I'd like the entries repeated exactly, without their pictures.

====== STORED DATA

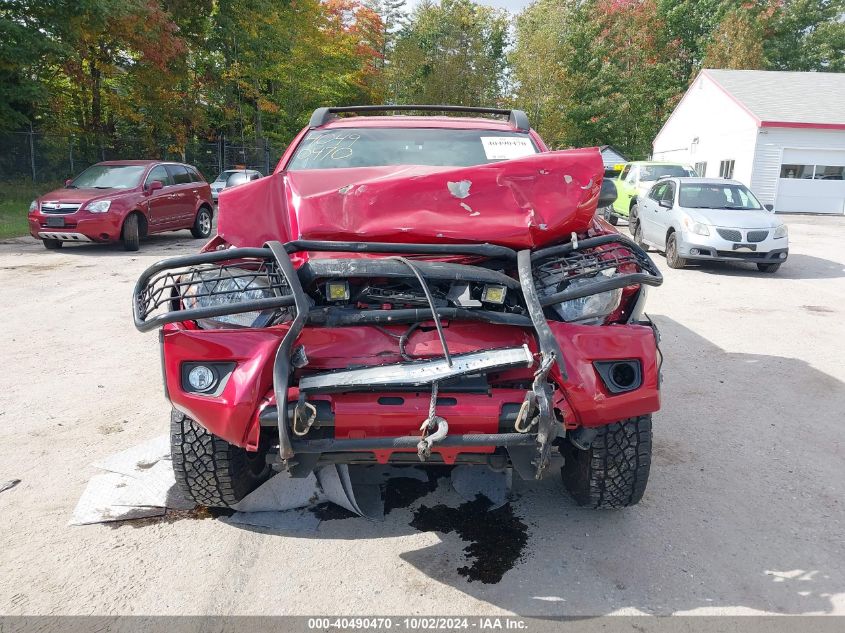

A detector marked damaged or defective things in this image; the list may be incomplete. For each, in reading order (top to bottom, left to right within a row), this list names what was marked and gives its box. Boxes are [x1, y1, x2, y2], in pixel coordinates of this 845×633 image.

broken headlight housing [182, 266, 280, 328]
damaged front end [134, 231, 660, 478]
wrecked red pickup truck [132, 103, 664, 508]
crushed hood [216, 147, 600, 248]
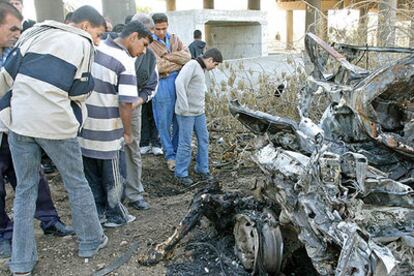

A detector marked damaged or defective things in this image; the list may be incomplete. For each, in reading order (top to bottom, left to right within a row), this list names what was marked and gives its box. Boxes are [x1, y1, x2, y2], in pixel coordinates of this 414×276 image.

charred metal debris [138, 33, 414, 274]
burned car wreck [138, 35, 414, 276]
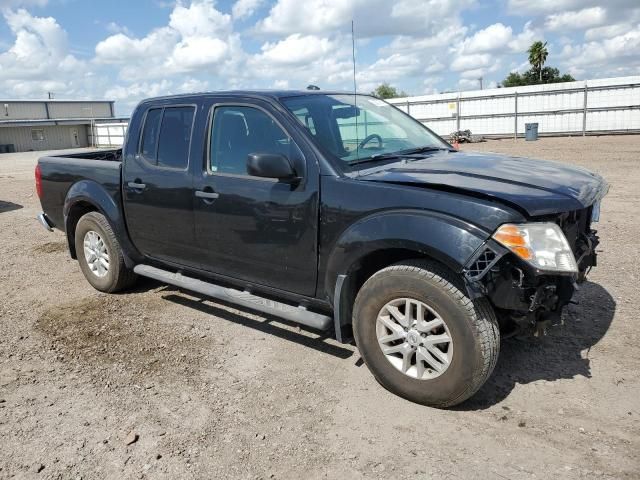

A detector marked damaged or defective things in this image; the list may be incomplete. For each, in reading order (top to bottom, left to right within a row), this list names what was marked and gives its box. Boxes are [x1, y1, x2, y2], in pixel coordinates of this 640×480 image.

damaged front end [464, 206, 600, 338]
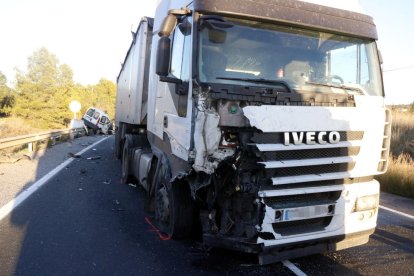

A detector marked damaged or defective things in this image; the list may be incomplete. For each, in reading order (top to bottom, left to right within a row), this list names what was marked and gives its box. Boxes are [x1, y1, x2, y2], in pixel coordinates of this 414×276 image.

damaged truck front [115, 0, 392, 264]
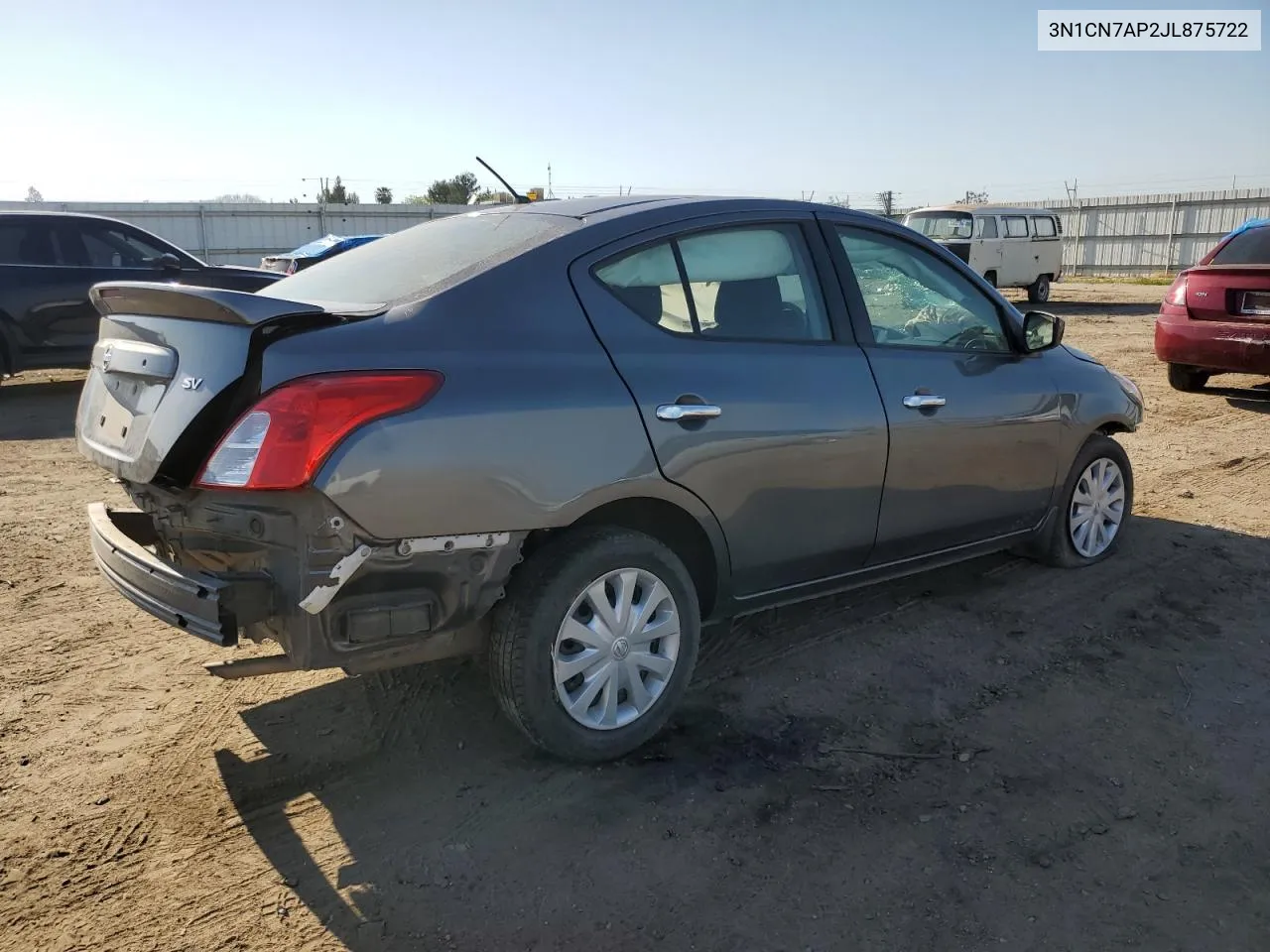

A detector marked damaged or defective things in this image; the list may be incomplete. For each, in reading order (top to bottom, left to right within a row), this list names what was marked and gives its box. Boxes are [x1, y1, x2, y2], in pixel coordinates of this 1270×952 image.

damaged rear bumper [84, 494, 528, 674]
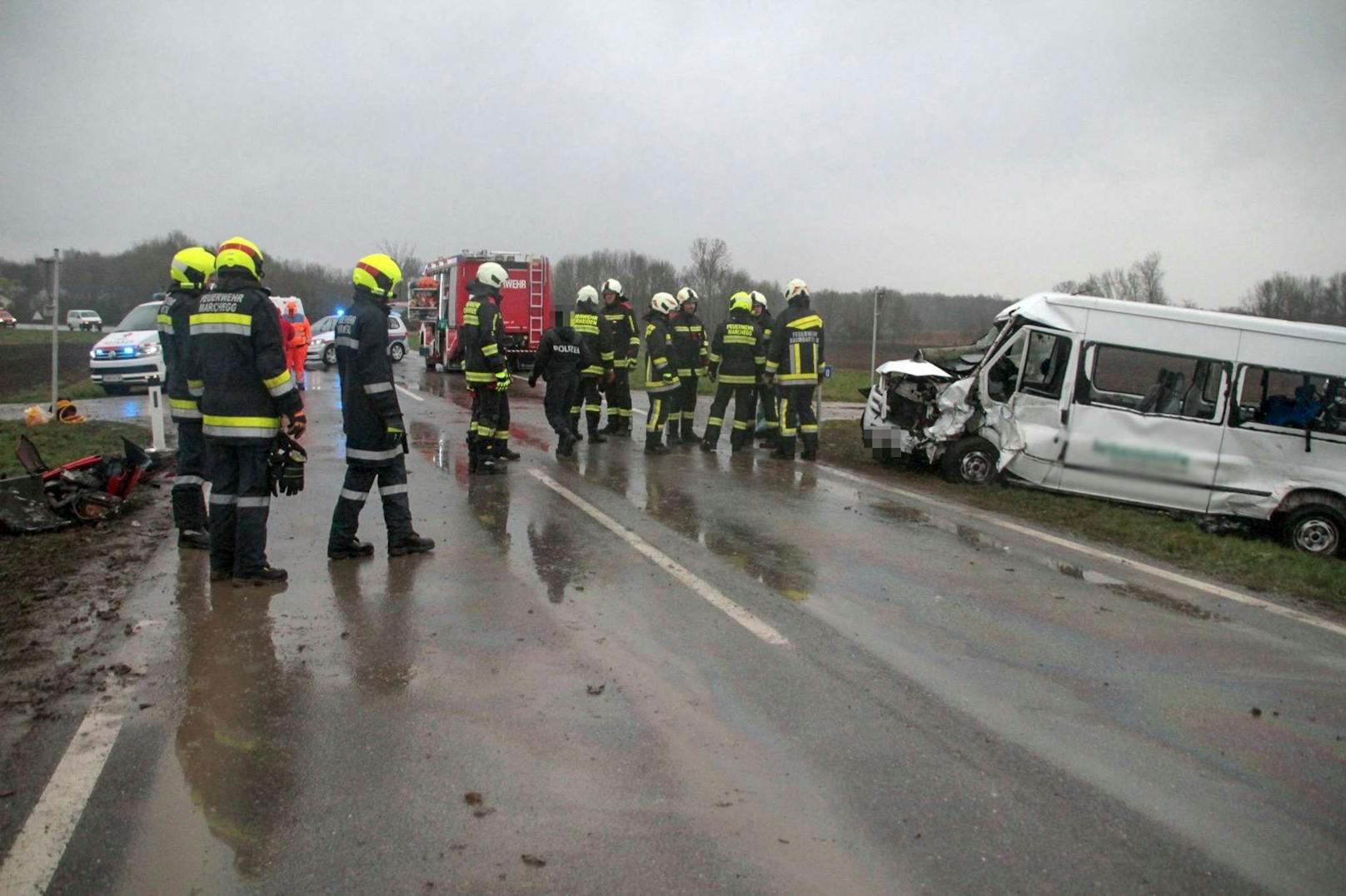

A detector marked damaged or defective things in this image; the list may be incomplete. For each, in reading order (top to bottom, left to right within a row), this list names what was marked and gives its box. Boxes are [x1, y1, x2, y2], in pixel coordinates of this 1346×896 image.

crashed white minibus [860, 293, 1346, 553]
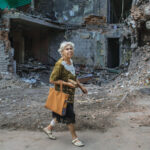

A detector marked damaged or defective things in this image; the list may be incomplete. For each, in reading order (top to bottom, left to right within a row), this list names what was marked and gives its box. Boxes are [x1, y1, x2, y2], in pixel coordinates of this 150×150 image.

damaged facade [0, 0, 133, 77]
broken window [107, 0, 132, 23]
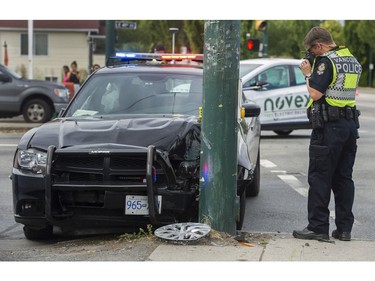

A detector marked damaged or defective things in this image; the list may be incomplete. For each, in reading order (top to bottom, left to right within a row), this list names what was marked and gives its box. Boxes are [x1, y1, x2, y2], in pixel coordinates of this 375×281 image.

crumpled car hood [24, 115, 200, 153]
damaged black police car [10, 52, 260, 238]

============

■ ANSWER SECTION ■
A detector marked damaged or defective things in this image; the list may be incomplete. For each, in reading order (top to bottom, left to right within a row), this list names what was marked and gives its box. Boxes are [x1, y1, x2, y2], in pixel coordinates of this 845×633 image.

broken headlight housing [182, 266, 280, 328]
damaged front end [134, 231, 660, 478]
wrecked red pickup truck [132, 103, 664, 508]
crushed hood [216, 147, 600, 248]

A detector marked damaged or defective things in this image; the list may be incomplete. For each, in reading order (top to bottom, left to right within a row), this list names what was marked and gives its box. Boxes are [x1, y1, x2, y2], in pixel coordinates of this 414×276 image.

charred metal debris [138, 33, 414, 274]
burned car wreck [138, 35, 414, 276]

A detector marked damaged or defective things in this image; the list may be incomplete. For each, in reading order (top to bottom, left to right within a row), this list names what was marked and gives its box. Boxes are [x1, y1, x2, y2], in pixel coordinates of this 640×480 image.

damaged front end [464, 206, 600, 338]

A detector marked damaged or defective things in this image; the list may be incomplete. For each, in reading order (top to bottom, left to right within a row), this list names what was marked and gives its box. Boxes are [x1, y1, x2, y2], in pixel coordinates of this 414×276 image.

damaged truck front [115, 0, 392, 264]

A detector marked damaged or defective things in this image; the list may be incomplete. For each, in reading order (top to bottom, left to right within a row), this list names what was marked and gives its box. Boxes are [x1, y1, x2, y2], in pixel coordinates of this 1270×952 image.

damaged rear bumper [84, 494, 528, 674]

A detector marked damaged or defective things in this image; the list may be incomplete. For each, in reading order (top to bottom, left to right within a row), this list names what was marked and gives its box. Boxes are [x1, y1, x2, y2], in pixel coordinates of this 1346×896 image.

crashed white minibus [860, 293, 1346, 553]

A detector marked damaged or defective things in this image; the list may be incomplete. For each, in reading order (top to bottom, left to right within a row), this list names what was marked and gives its box. Boxes are [x1, y1, x2, y2], in pixel coordinates of this 150×150 image.

damaged facade [0, 0, 133, 77]
broken window [107, 0, 132, 23]

A detector marked damaged or defective things in this image; the list may be incomplete. For each, in reading order (top to bottom, left to right within a row), this list names what was marked and gives its box. Boxes are [x1, y1, x2, y2], in pixel coordinates of this 375×281 image.

crumpled car hood [24, 115, 200, 153]
damaged black police car [10, 52, 260, 238]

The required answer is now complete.